Exercise description: Only the lines from the beginning of the entries through the one that holds "她当场怒斥查尔斯：You are not my king！" may appear in the answer, written out exactly and free of pictures.

Entries supplied:
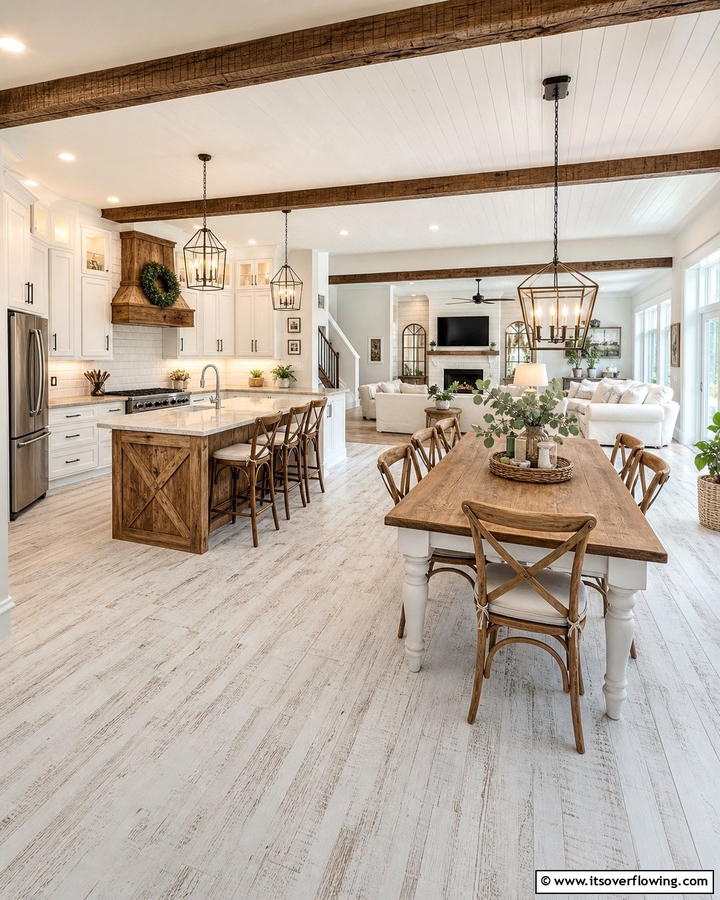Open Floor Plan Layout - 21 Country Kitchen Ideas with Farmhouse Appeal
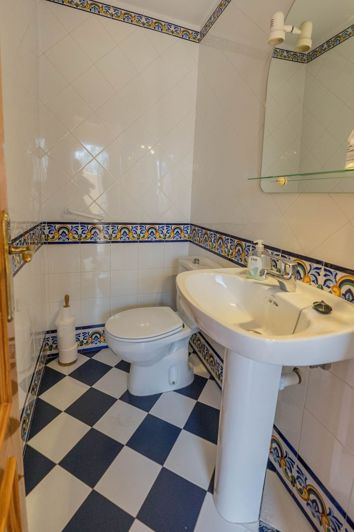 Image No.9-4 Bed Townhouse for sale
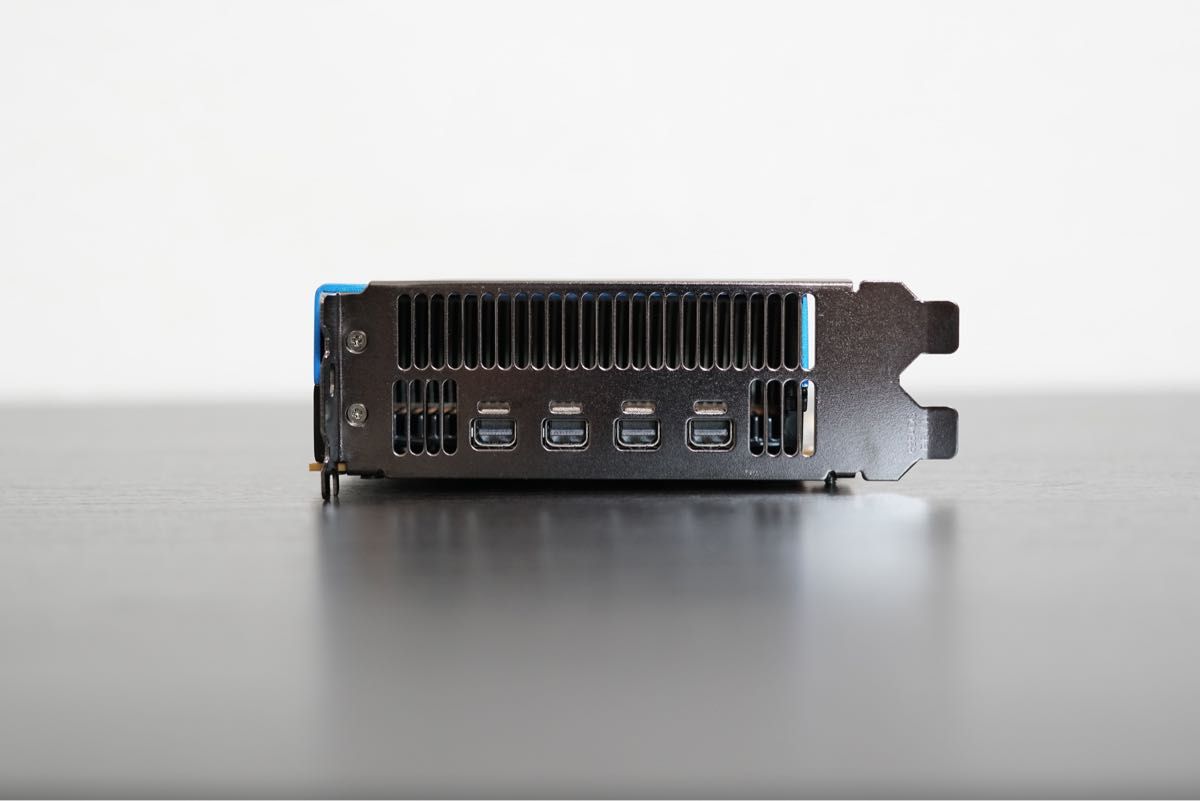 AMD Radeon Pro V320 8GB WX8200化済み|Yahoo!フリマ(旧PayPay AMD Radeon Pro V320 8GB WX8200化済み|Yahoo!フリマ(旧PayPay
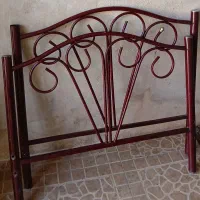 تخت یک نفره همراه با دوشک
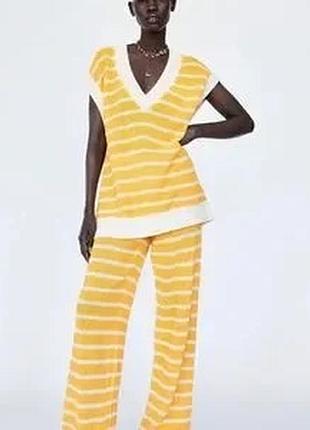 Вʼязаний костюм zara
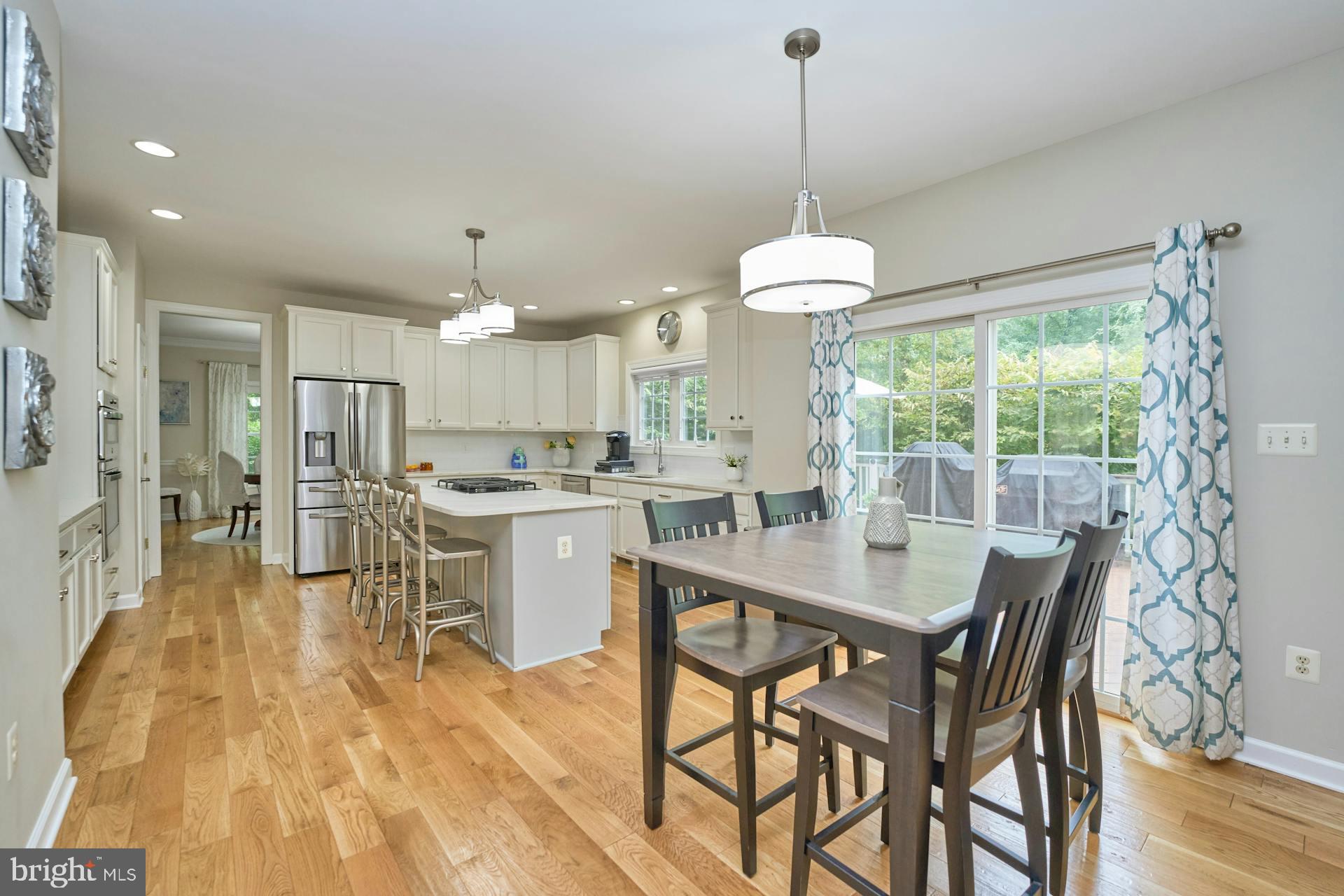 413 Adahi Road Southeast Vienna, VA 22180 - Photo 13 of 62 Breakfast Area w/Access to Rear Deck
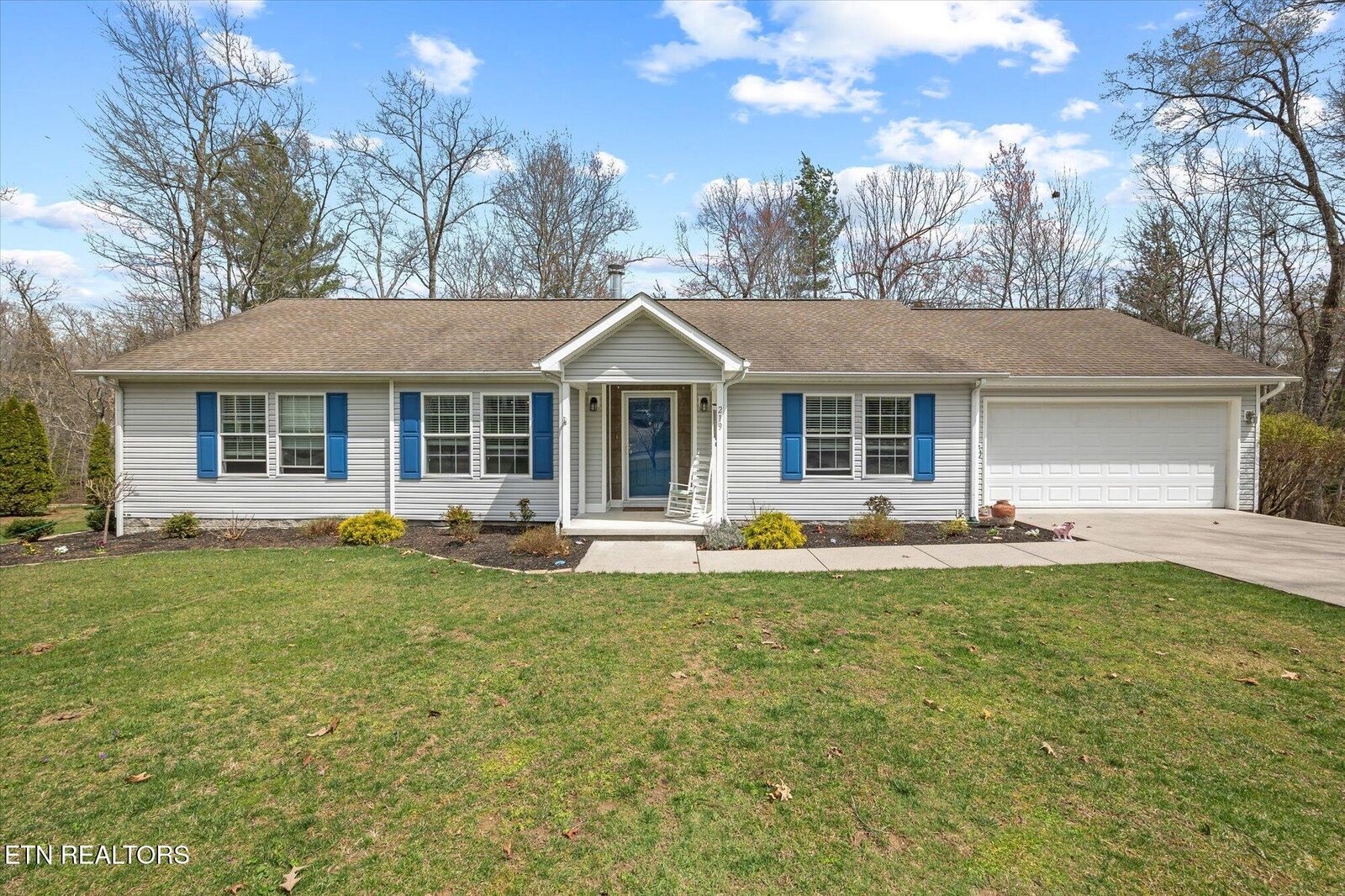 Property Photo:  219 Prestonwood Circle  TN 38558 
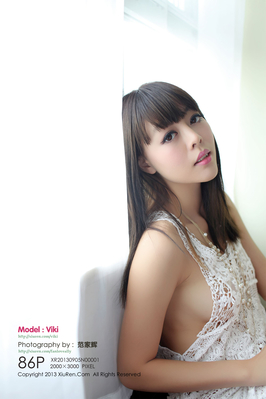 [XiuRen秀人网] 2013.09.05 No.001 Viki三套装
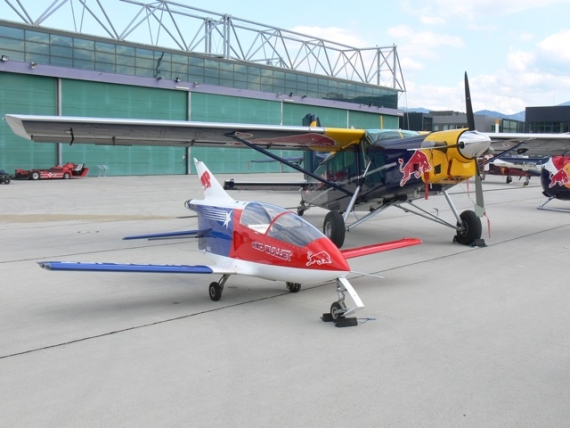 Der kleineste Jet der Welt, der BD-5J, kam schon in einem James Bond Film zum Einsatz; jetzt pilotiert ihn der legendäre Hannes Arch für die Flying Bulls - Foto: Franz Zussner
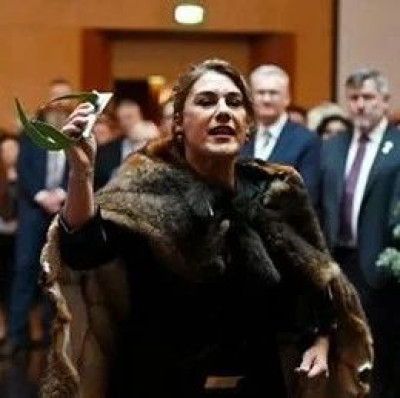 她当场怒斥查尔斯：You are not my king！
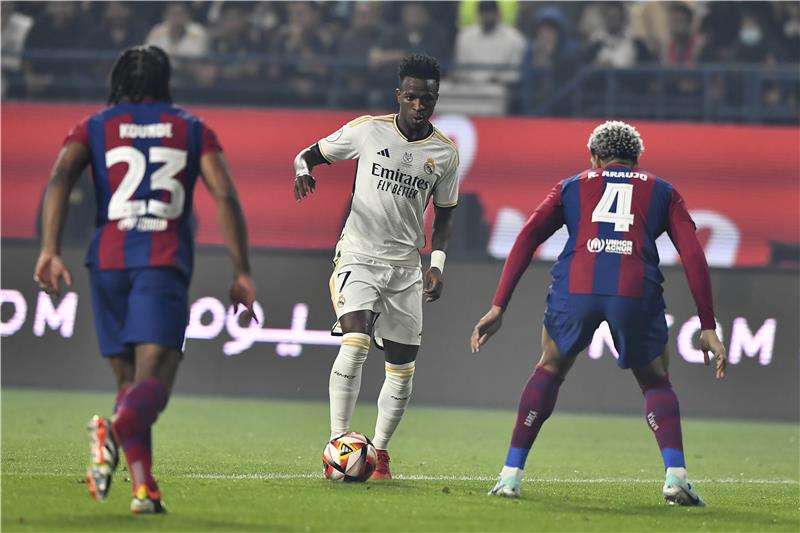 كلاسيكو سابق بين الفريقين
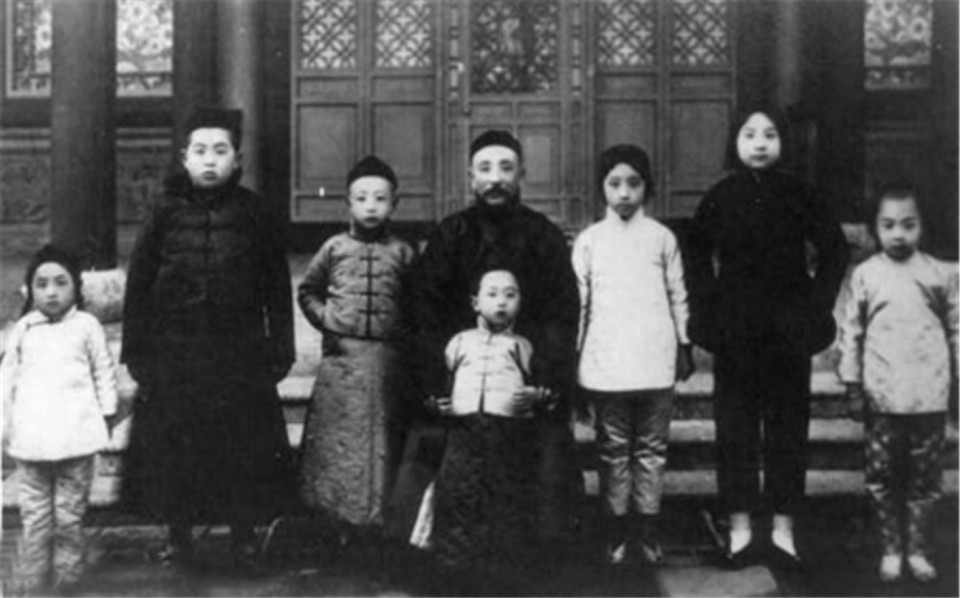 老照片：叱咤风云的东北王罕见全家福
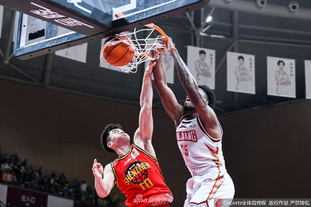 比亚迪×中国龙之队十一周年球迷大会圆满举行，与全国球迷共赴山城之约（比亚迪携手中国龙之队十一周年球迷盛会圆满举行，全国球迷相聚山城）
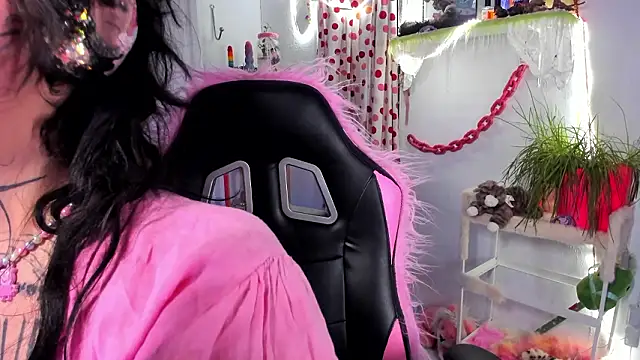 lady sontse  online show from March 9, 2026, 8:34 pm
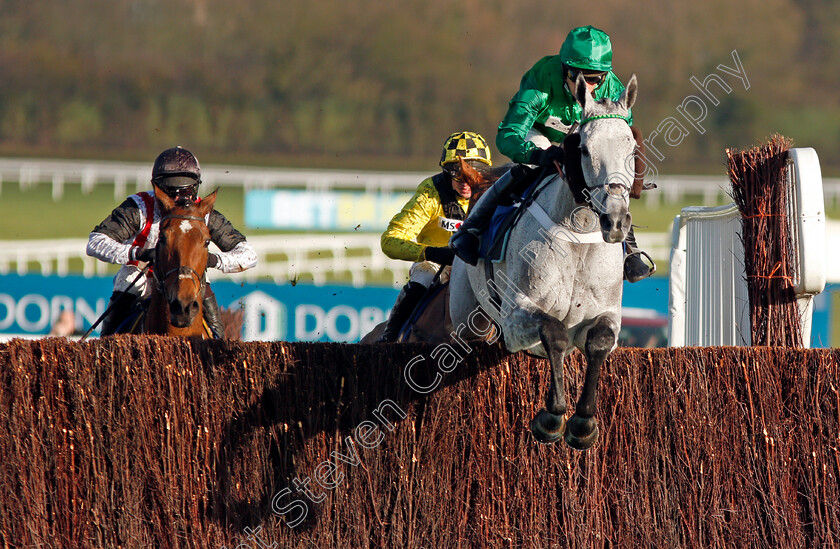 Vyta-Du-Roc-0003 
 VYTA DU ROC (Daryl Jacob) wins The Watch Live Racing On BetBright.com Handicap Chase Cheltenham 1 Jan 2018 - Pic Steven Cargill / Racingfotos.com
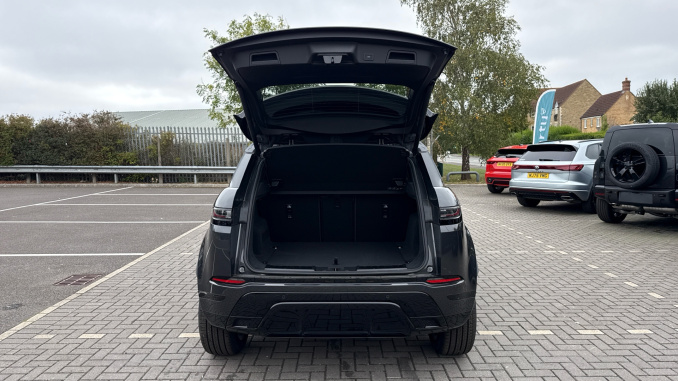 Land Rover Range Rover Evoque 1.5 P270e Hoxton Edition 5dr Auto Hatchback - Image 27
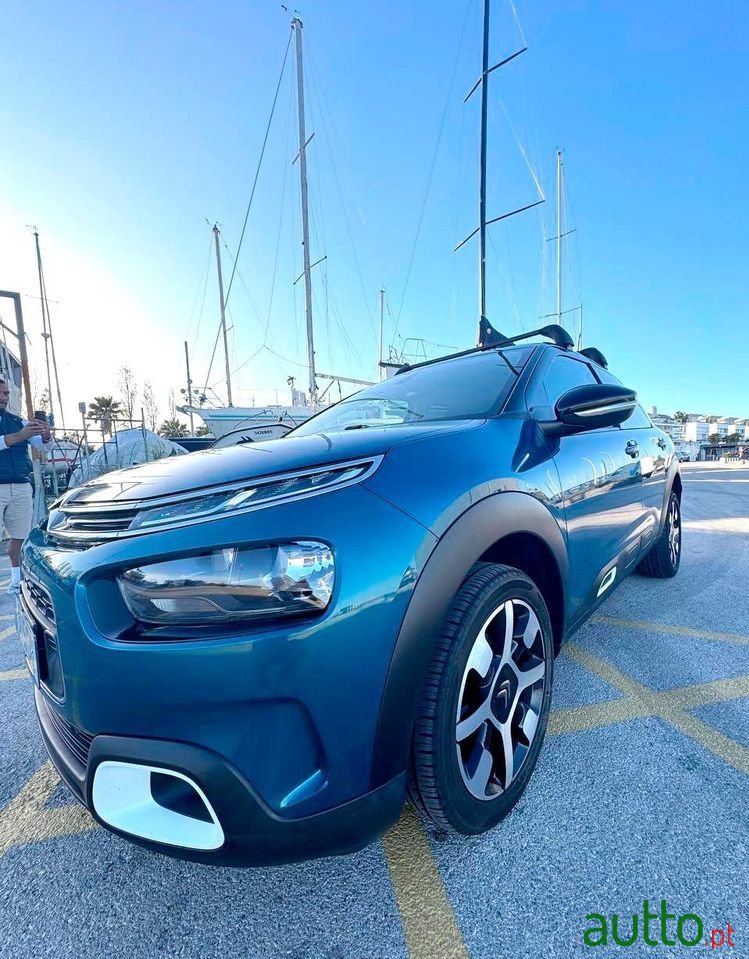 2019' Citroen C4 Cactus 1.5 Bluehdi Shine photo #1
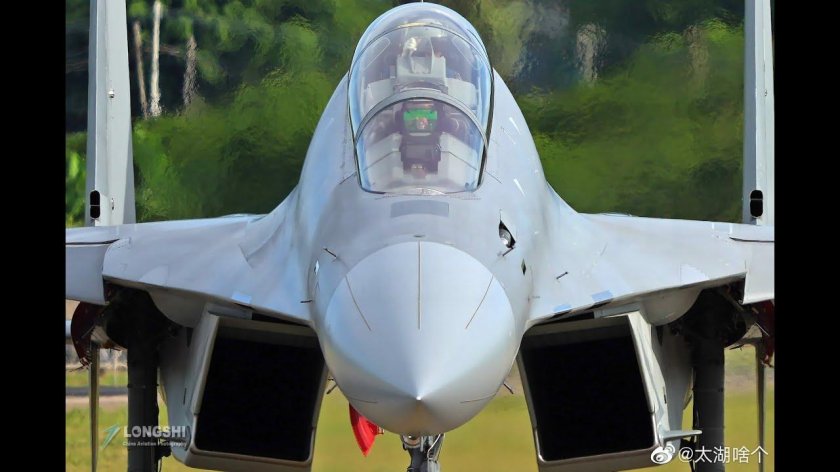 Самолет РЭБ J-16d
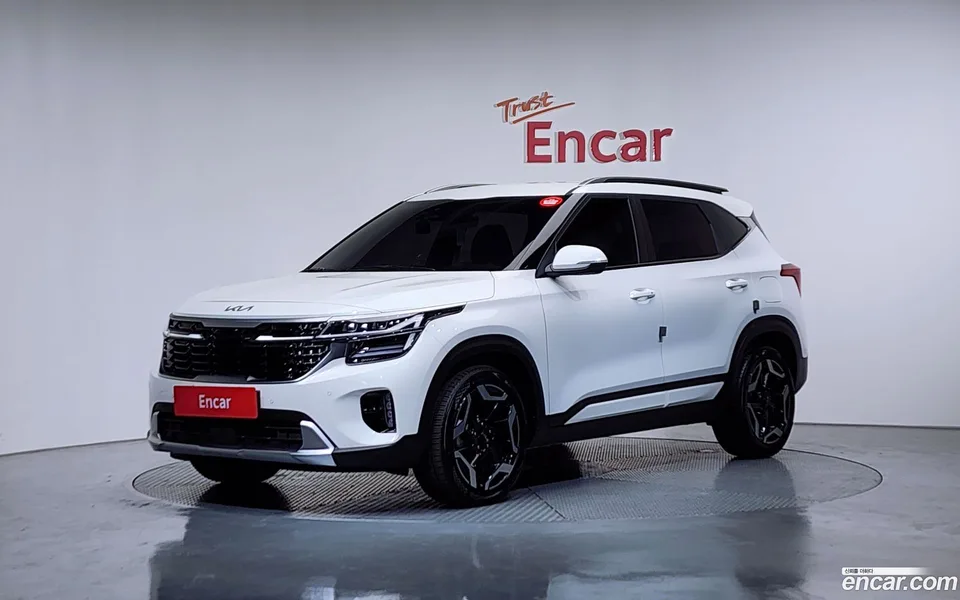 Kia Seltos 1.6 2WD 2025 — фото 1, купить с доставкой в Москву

Written response:
Open Floor Plan Layout - 21 Country Kitchen Ideas with Farmhouse Appeal
 Image No.9-4 Bed Townhouse for sale
 AMD Radeon Pro V320 8GB WX8200化済み|Yahoo!フリマ(旧PayPay AMD Radeon Pro V320 8GB WX8200化済み|Yahoo!フリマ(旧PayPay
 تخت یک نفره همراه با دوشک
 Вʼязаний костюм zara
 413 Adahi Road Southeast Vienna, VA 22180 - Photo 13 of 62 Breakfast Area w/Access to Rear Deck
 Property Photo:  219 Prestonwood Circle  TN 38558 
 [XiuRen秀人网] 2013.09.05 No.001 Viki三套装
 Der kleineste Jet der Welt, der BD-5J, kam schon in einem James Bond Film zum Einsatz; jetzt pilotiert ihn der legendäre Hannes Arch für die Flying Bulls - Foto: Franz Zussner
 她当场怒斥查尔斯：You are not my king！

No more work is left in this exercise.